3. Dampak dari kesombongan sains adalah menghina dan mengolok-olok ajaran ilahi. Mereka yang menderita penyakit ini beranggapan dapat melawan ilmu ilahi yang tak terhingga dan kitab-kitab samawi.

4. Peradaban manusia yang melawan ajaran ilahi pasti hancur dan binasa.

فَلَمَّا رَأَوْا بَأْسَنَا قَالُوا آَمَنَّا بِاللَّهِ وَحْدَهُ وَكَفَرْنَا بِمَا كُنَّا بِهِ مُشْرِكِينَ (84) فَلَمْ يَكُ يَنْفَعُهُمْ إِيمَانُهُمْ لَمَّا رَأَوْا بَأْسَنَا سُنَّةَ اللَّهِ الَّتِي قَدْ خَلَتْ فِي عِبَادِهِ وَخَسِرَ هُنَالِكَ الْكَافِرُونَ (85)

Maka tatkala mereka melihat azab Kami, mereka berkata, “Kami beriman hanya kepada Allah saja, dan kami kafir kepada sembahan-sembahan yang telah kami persekutukan dengan Allah.” (40: 84)

Maka iman mereka tiada berguna bagi mereka tatkala mereka telah melihat siksa Kami. Itulah sunnah Allah yang telah berlaku terhadap hamba-hamba-Nya. Dan di waktu itu binasalah orang-orang kafir. (40: 85)

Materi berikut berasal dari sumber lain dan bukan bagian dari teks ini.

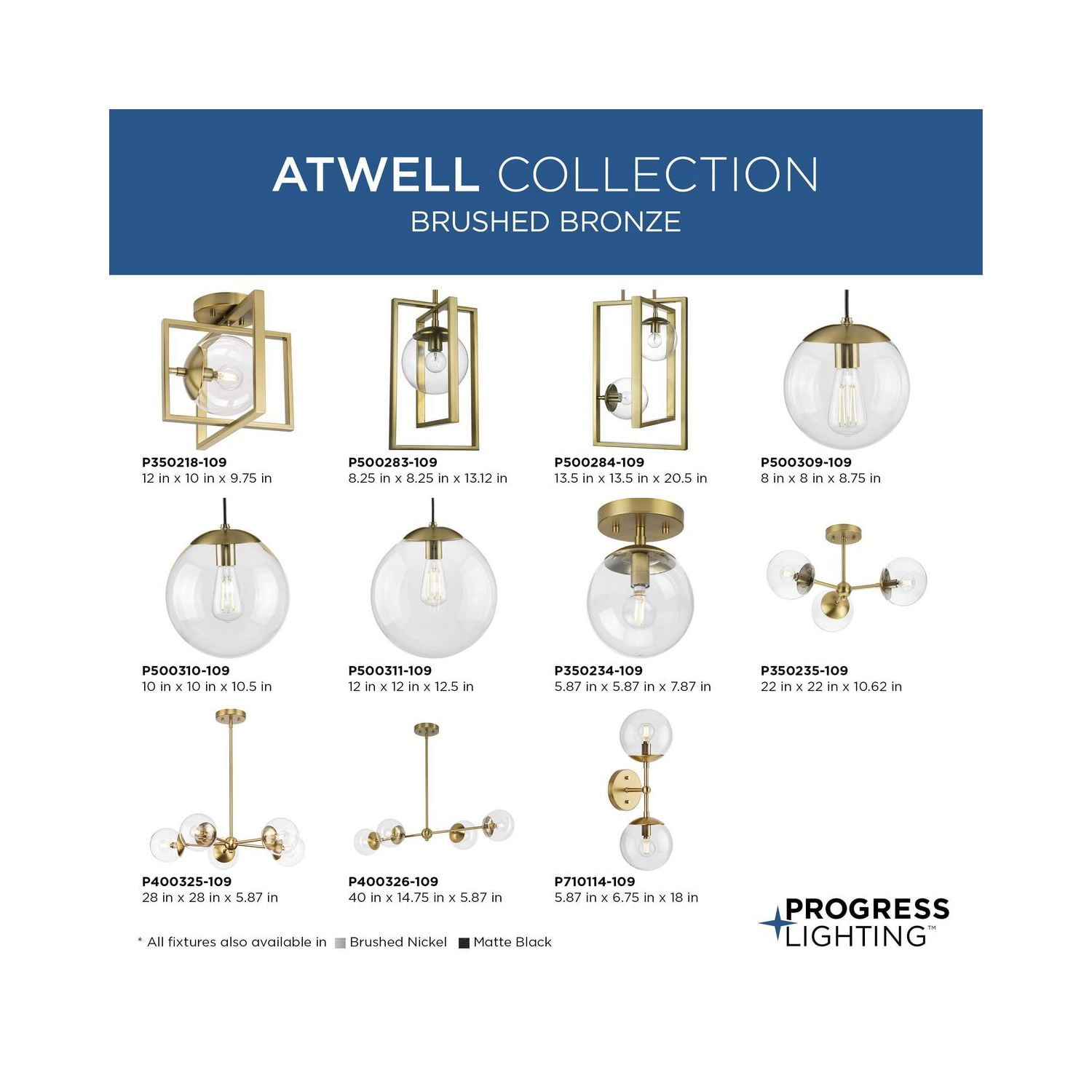 Atwell Collection One-Light Brushed Bronze Mid-Century Modern Semi-Flush Mount - Image 4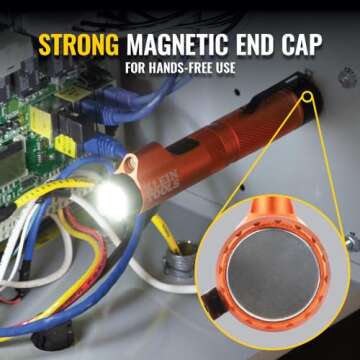 Klein Tools 56040 Magnetic LED Flashlight, 350 Lumen Rechargeable Flashlight, Twist Focus, Laser Pointer, Hands-Free, USB Charging Cable, for Work and Outdoor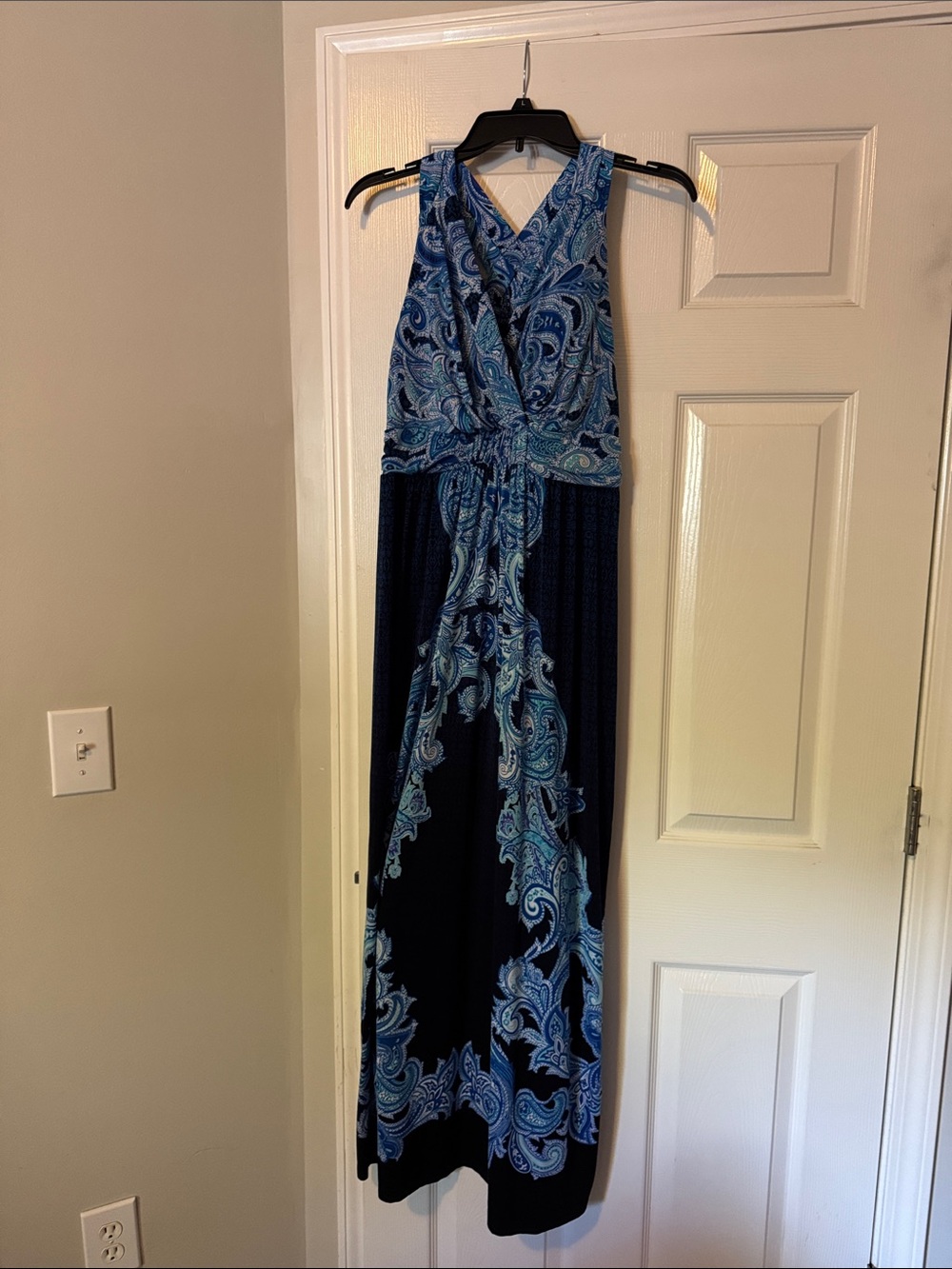 Soma Blue Paisley Wrap-Front Maxi Dress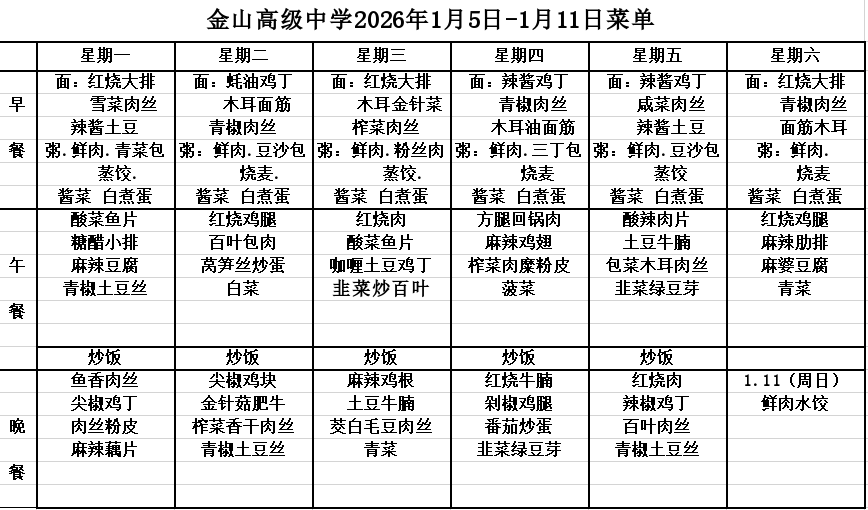 金山高级中学2026年1月5日-1月11日菜单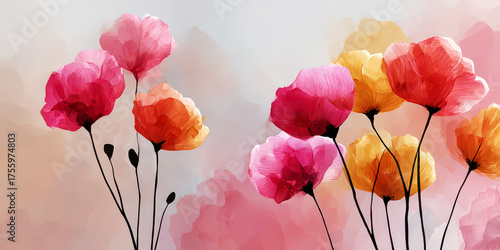 Delicate Watercolor Poppies on Stems with Soft Pink and Yellow Abstract Background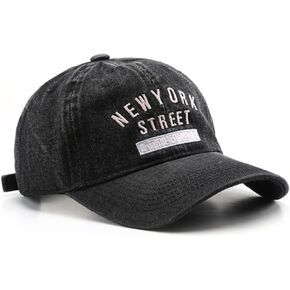 New York Embroidered Baseball Cap Washed Denim Cap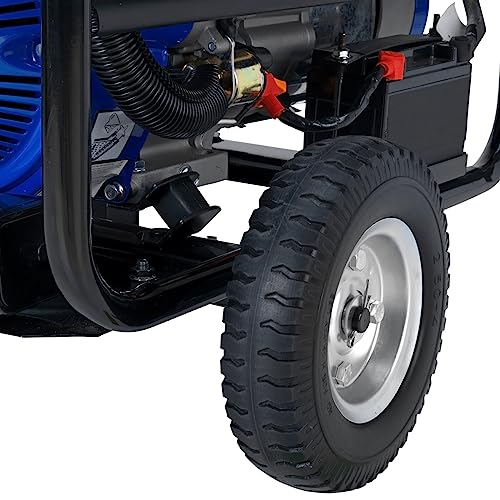 Blue Black Gas Powered Portable Generator 4400 Watt Electric Start S87023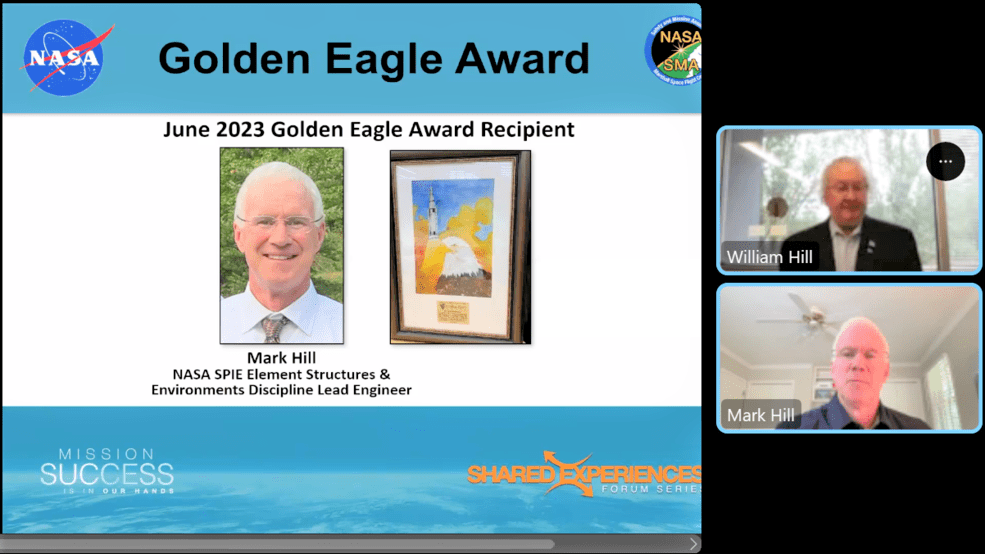 Marshall Safety & Mission Assurance Director William Hill named Mark Hill the 37th recipient of the Golden Eagle Award.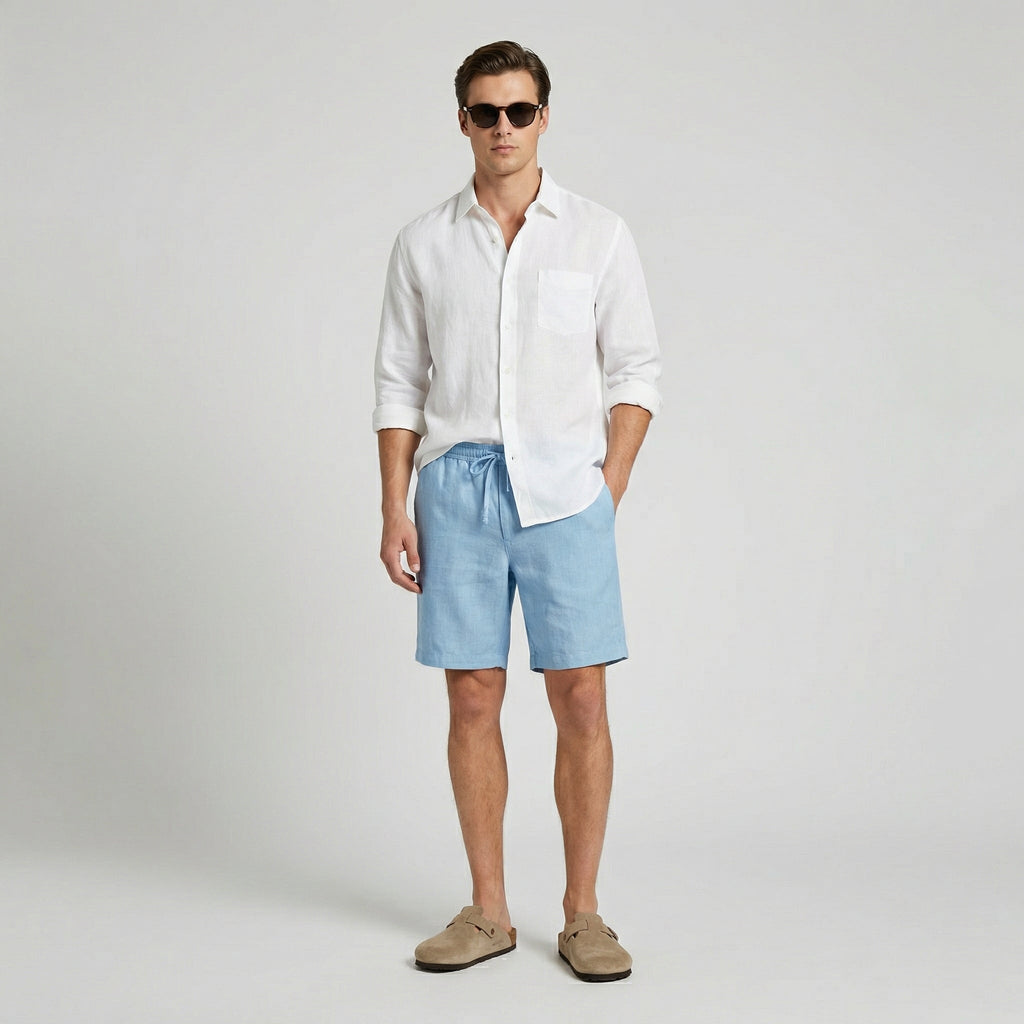 Zachary™ | Bermudas de lino con cintura elástica y cordón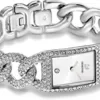 Swarovski Cocktail Uhr, Damenuhr mit Silbernem Zifferblatt, Swarovski Kristallen und Edelstahlarmband - Image 4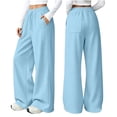 thumbnail image 7 of Sweat Pants for Womens Baeitkot Drawstring Elastic High Waist Side Line Wide Leg Athletic Trousers for Casual Gym Workout Daily Wear Light Blue L, 7 of 7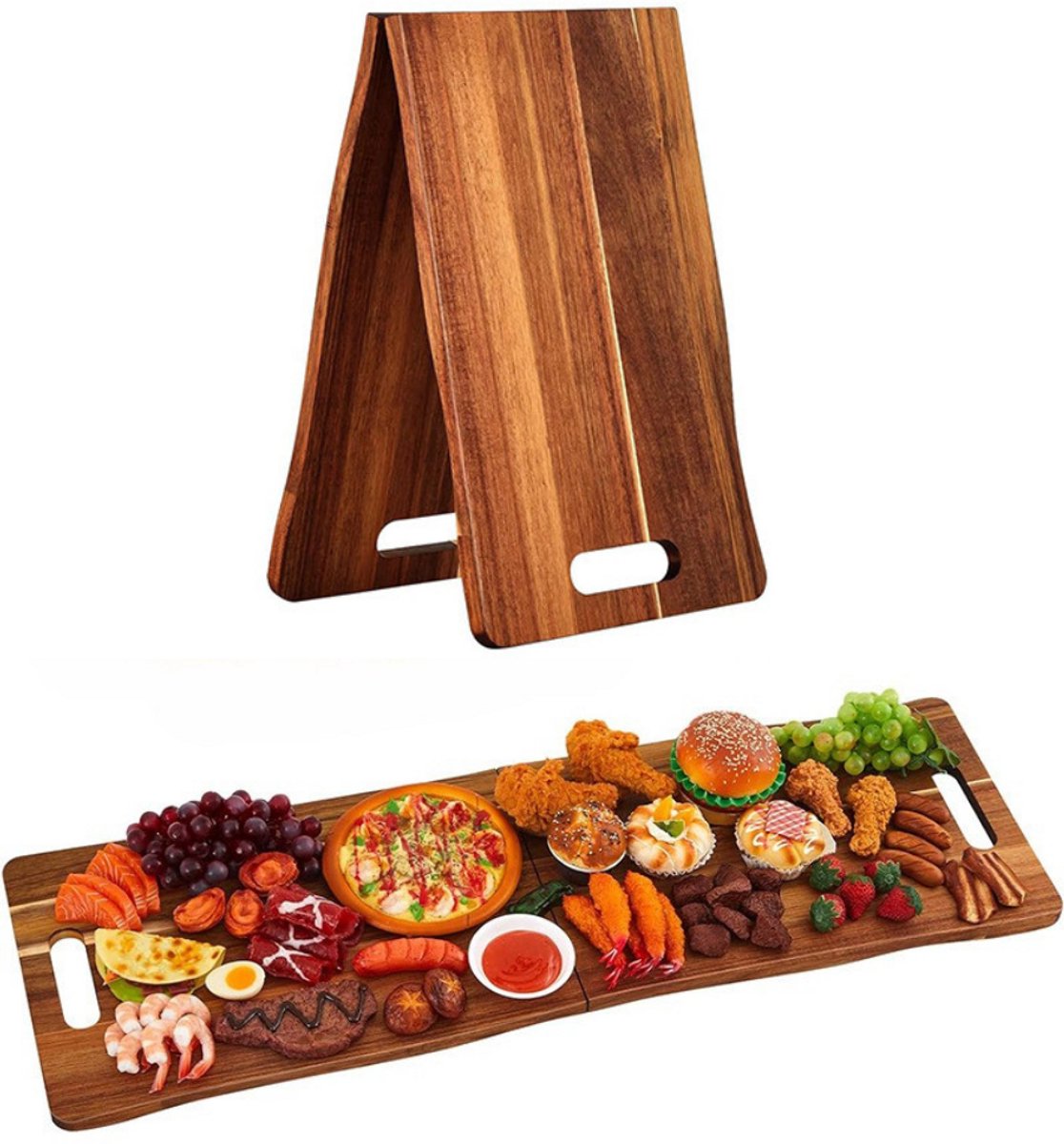 Kaëru® Opvouwbare Kaasplank - Snijplank - Gemaakt van Massief Hout - Gemakkelijk Schoon te Maken - Gemakkelijk Op te Bergen - 84*30cm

Ayat-ayat ini merupakan ayat terakhir dari surat Ghafir dan menjelaskan akhir perbuatan manusia akibat sombong dan tidak mau menerima kebenaran serta menentang ajaran para nabi. Disebutkan bahwa orang-orang sombong ini ketika menyaksikan dampak turunnya azab Allah di dunia dan menyaksikan dirinya sebagai makhluk yang lemah, segera menyesali segala perbuatannya dan berserah diri. Mereka melepaskan kekufuran dan kesyirikannya dan menyatakan beriman kepada Allah yang Maha Esa serta mengingkari segala sesembahan yang dijadikan sekutu bagi Allah.

Jelas bahwa iman yang seperti ini dilakukan karena takut dan terpaksa. Iman yang tidak bernilai.

Sebagai contoh, al-Quran menukil kisah Musa dan Firaun yang menyatakan keimanan ketika akan tenggelam. Imannya tidak diterima. Karena disampaikan dalam kondisi terpaksa dan tidak ada pilihan lain di hadapannya. Iman yang memiliki nilai ketika berasal dari kehendak, dimana manusia bisa saja memilih yang lain.

Dari dua ayat tadi terdapat tiga poin pelajaran yang dapat dipetik:

1. Orang sombong dan keras kepala tidak akan beriman sebelum menyaksikan kemurkaan ilahi, tetapi pada waktu itu imannya sudah tidak bermanfaat.

2. Nilai iman pada kehendak dan kebebasannya. Iman yang muncul karena takut dan terpaksa tidak bernilai. Dengan kata lain, iman yang terpaksa tidak efektif.

3. Kerugian sejati dalam kehidupan adalah mati dalam kondisi kufur dan syirik di jalan yang batil.